> Exercise data

* * *

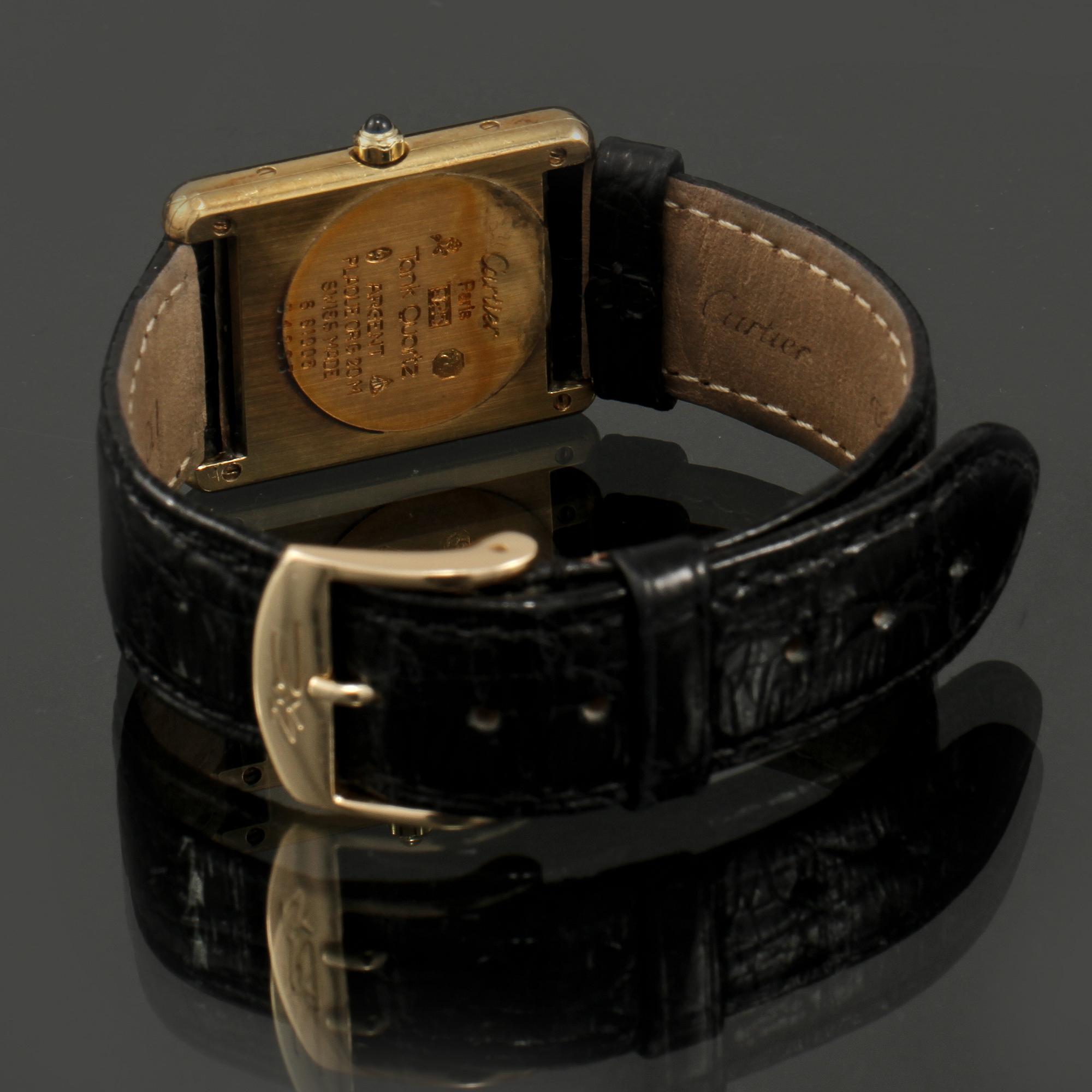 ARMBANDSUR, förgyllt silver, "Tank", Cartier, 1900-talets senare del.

* * *

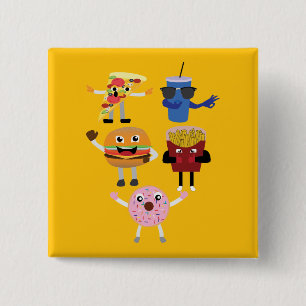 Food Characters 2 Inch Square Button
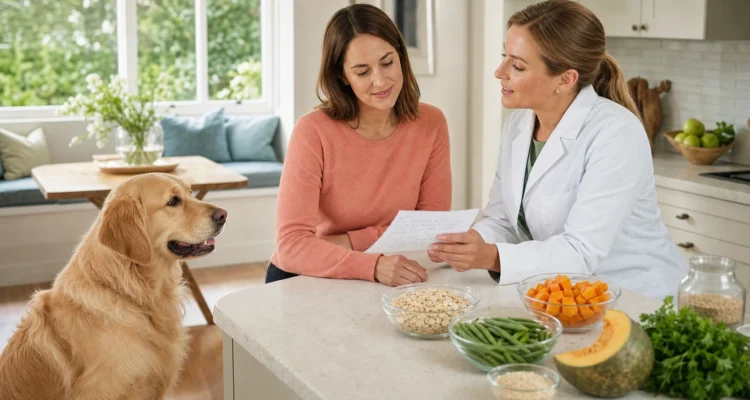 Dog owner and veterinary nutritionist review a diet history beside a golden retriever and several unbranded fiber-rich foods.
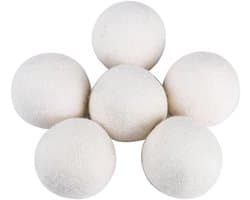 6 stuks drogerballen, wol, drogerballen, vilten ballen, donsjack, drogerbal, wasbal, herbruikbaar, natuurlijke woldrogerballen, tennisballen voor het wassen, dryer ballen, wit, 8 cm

* * *

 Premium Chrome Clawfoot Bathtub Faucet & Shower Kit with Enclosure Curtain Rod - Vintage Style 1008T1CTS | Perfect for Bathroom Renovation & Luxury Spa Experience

* * *

> Exercise instructions
Your answer must be the lines above from the one holding "Dog owner and" up to and including the one holding "6 stuks drogerballen, wol, drogerballen, vilten", exact and with no pictures.

> Answer to this exercise
 Dog owner and veterinary nutritionist review a diet history beside a golden retriever and several unbranded fiber-rich foods.
 6 stuks drogerballen, wol, drogerballen, vilten ballen, donsjack, drogerbal, wasbal, herbruikbaar, natuurlijke woldrogerballen, tennisballen voor het wassen, dryer ballen, wit, 8 cm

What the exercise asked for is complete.